[Start of section]

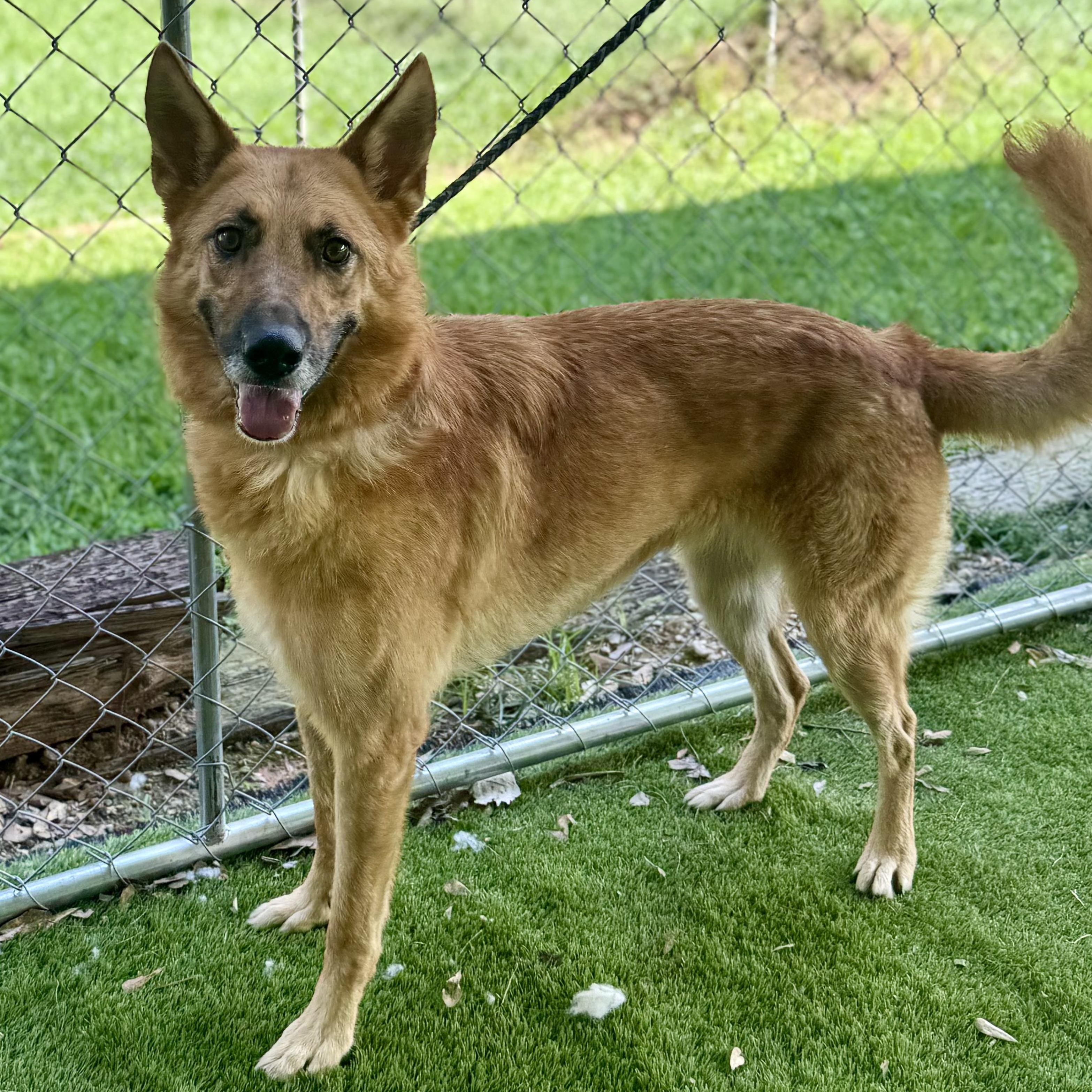 Callie, a Adoptable mixed breed in Hamel, IL image 4/5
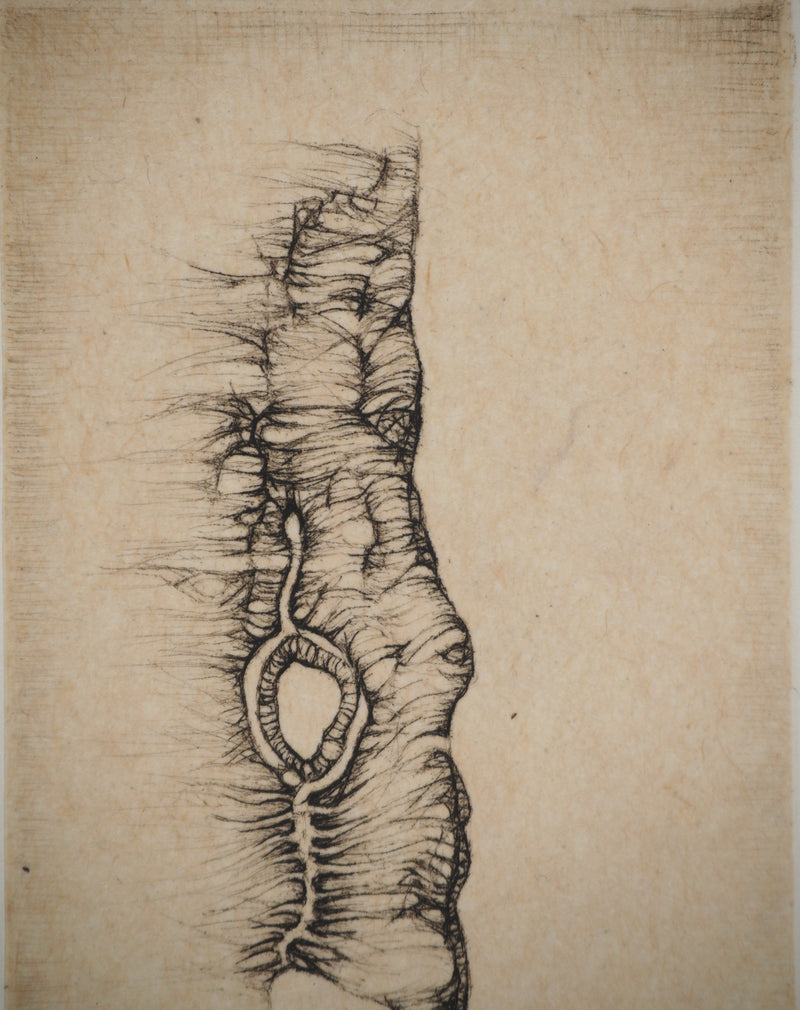Fred DEUX : Petit manuel : Verbe noir, Gravure originale (photo de détail 5) - Crédit photo : Galerie Art.Paris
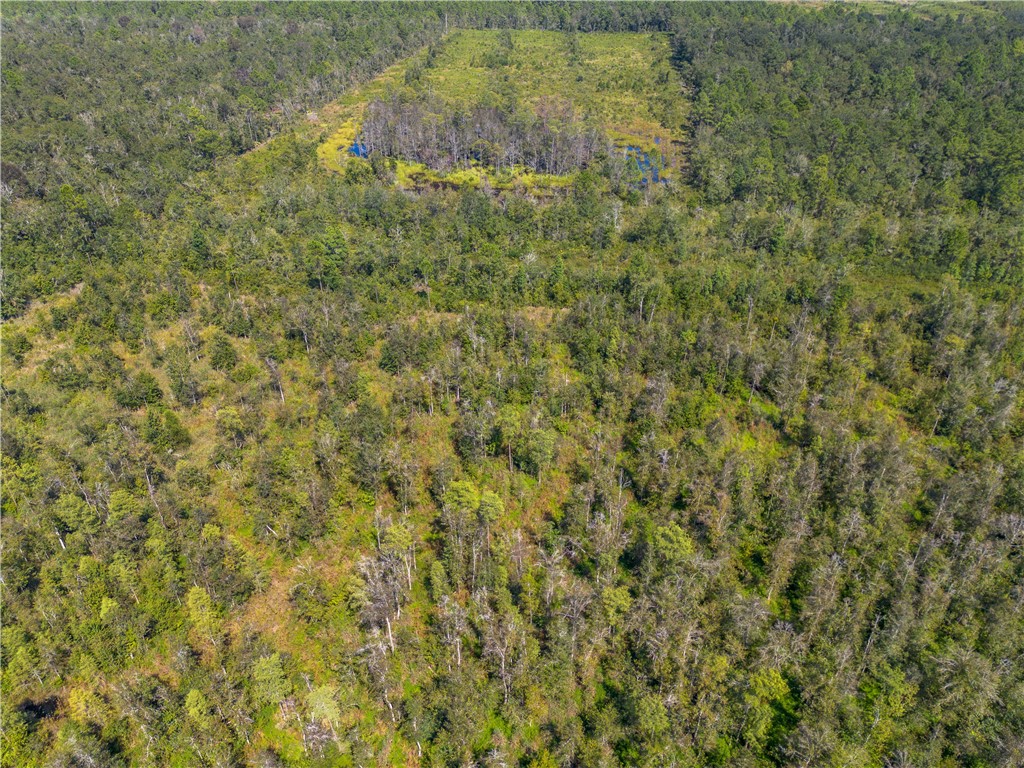 0 Old Surrency Road Baxley, GA 31513 - Photo 18 of 18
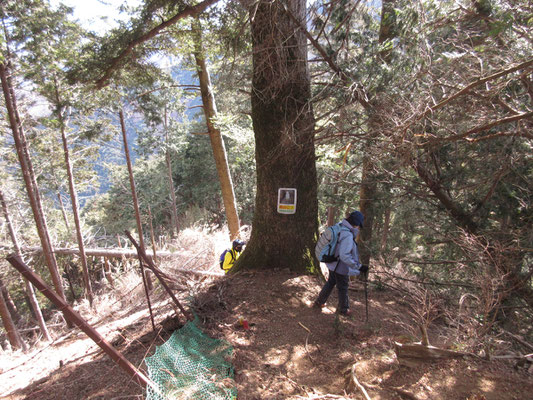 経ヶ岳からの急降下　ここが縦走で一番要注意の箇所　そこに大きな樅の木があり、裏手に回ると〜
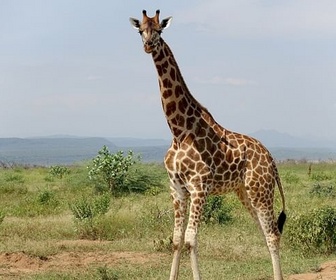Replay Kenya, des girafes pour la paix - 360° Reportage
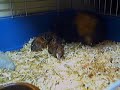 Cavy birth! Eating afterbirth and drying up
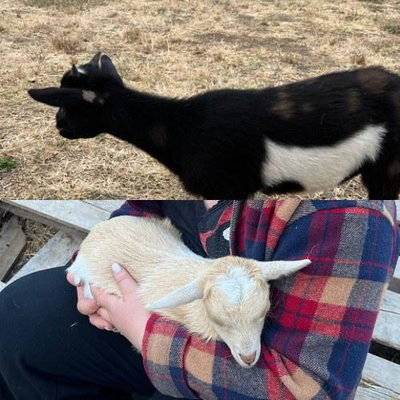 Vanilla & Midnight profile picture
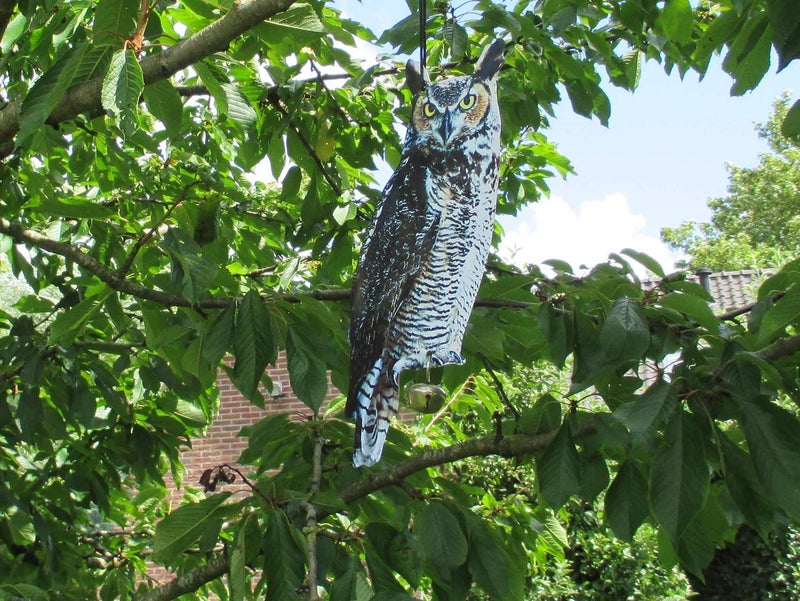 Esschert Design FB142 Owl Scare Crows Decoy - Image 1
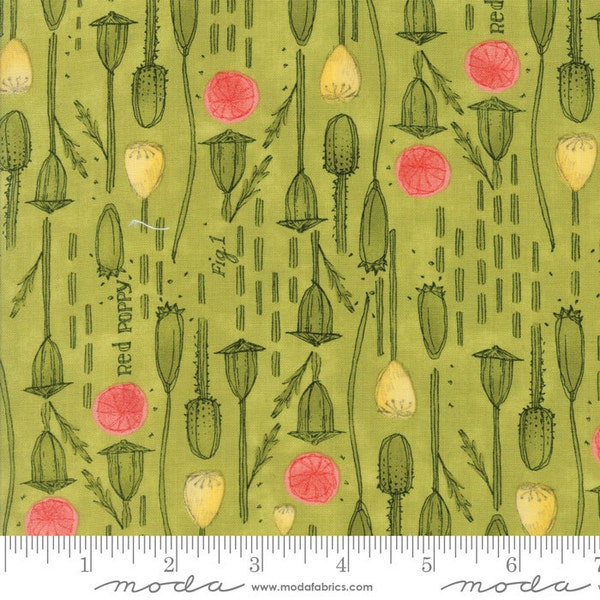 MODA Poppy Mae Pods Leaf 48602 15 Robin Pickens Floral Nature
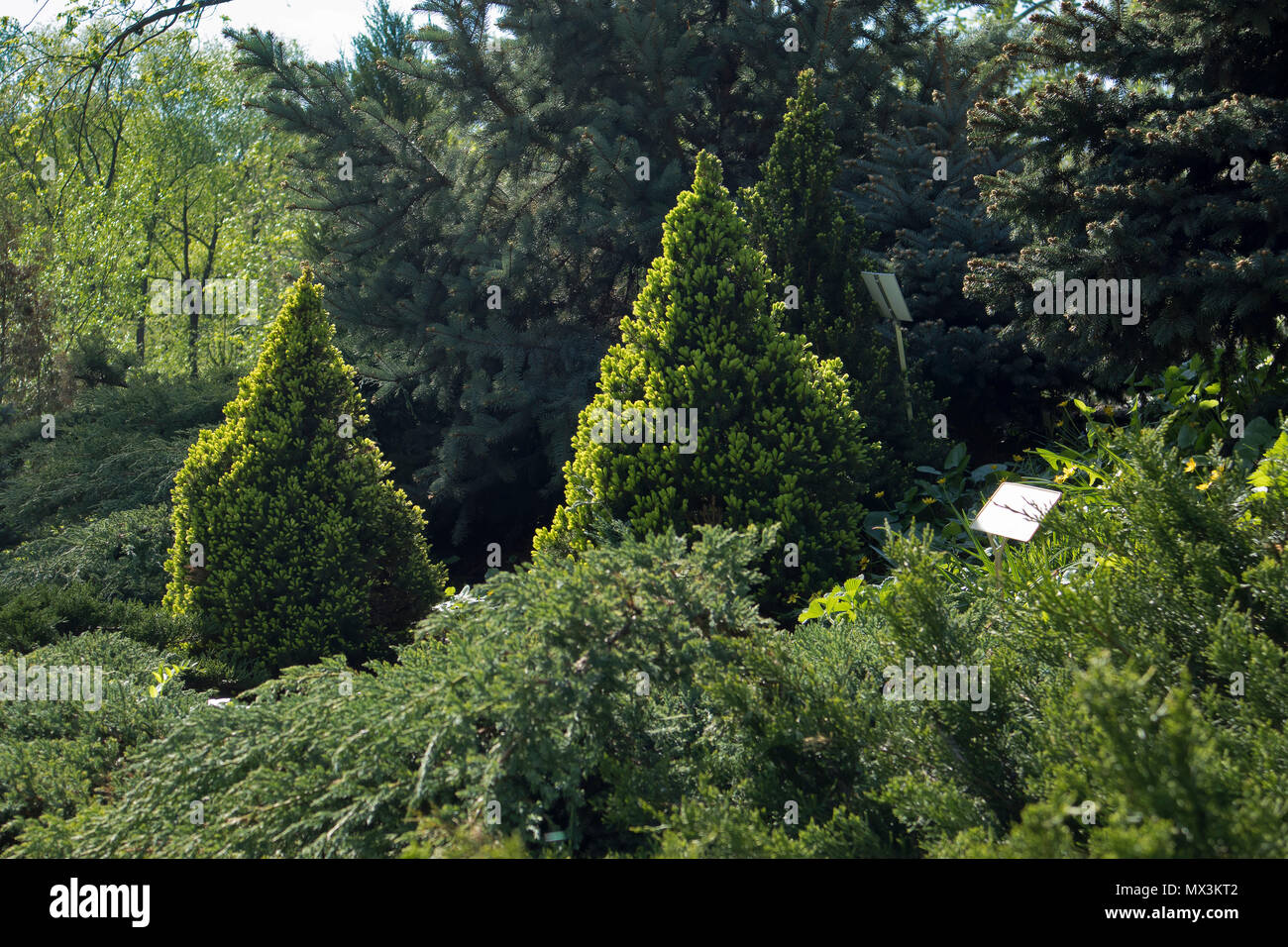Young spruce in a botanical garden on a sunny day Stock Photo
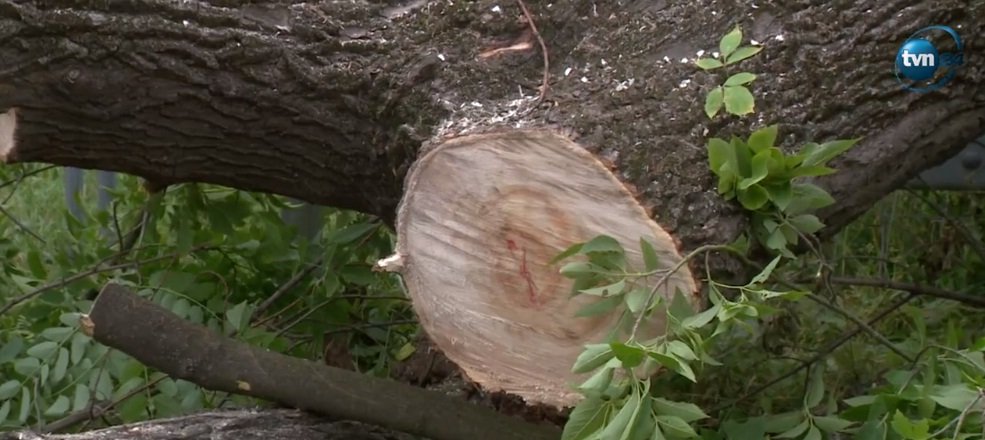 Wielkie drzewo runęło na dwa samochody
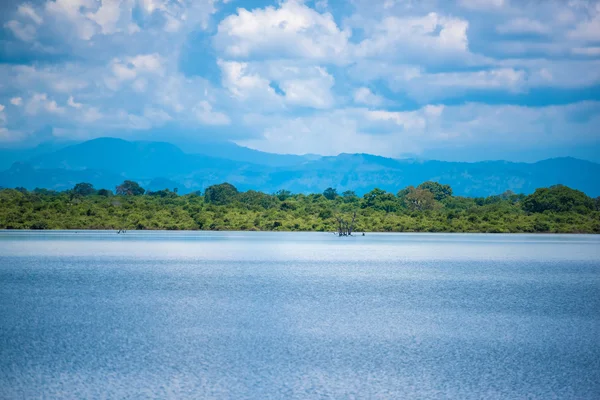 Озеро Шри-Ланки — стоковое фото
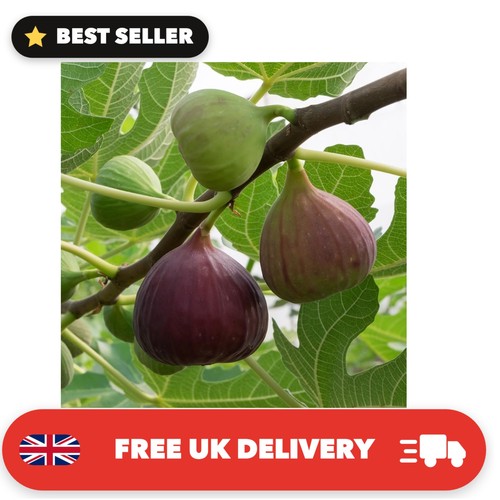 Fig tree brown standard - fig, '
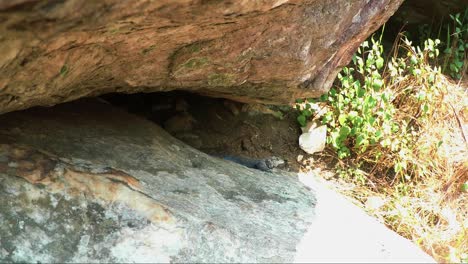 Escalada-En-Roca-Por-Montañero-Profesional-De-Un-Reputado-Instituto-De-Montañismo-En-El-Alto-Himalaya,-Uttarakhand-India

[End of section]

→ **WHAT IS REQUIRED**
Above are the records; repeat them all exactly, without the pictures.

→ **WRITTEN ANSWER**
 Callie, a Adoptable mixed breed in Hamel, IL image 4/5
Fred DEUX : Petit manuel : Verbe noir, Gravure originale (photo de détail 5) - Crédit photo : Galerie Art.Paris
 0 Old Surrency Road Baxley, GA 31513 - Photo 18 of 18
 経ヶ岳からの急降下　ここが縦走で一番要注意の箇所　そこに大きな樅の木があり、裏手に回ると〜
Replay Kenya, des girafes pour la paix - 360° Reportage
 Cavy birth! Eating afterbirth and drying up
 Vanilla & Midnight profile picture
 Esschert Design FB142 Owl Scare Crows Decoy - Image 1
 MODA Poppy Mae Pods Leaf 48602 15 Robin Pickens Floral Nature
Young spruce in a botanical garden on a sunny day Stock Photo
 Wielkie drzewo runęło na dwa samochody
 Озеро Шри-Ланки — стоковое фото
 Fig tree brown standard - fig, '
 Escalada-En-Roca-Por-Montañero-Profesional-De-Un-Reputado-Instituto-De-Montañismo-En-El-Alto-Himalaya,-Uttarakhand-India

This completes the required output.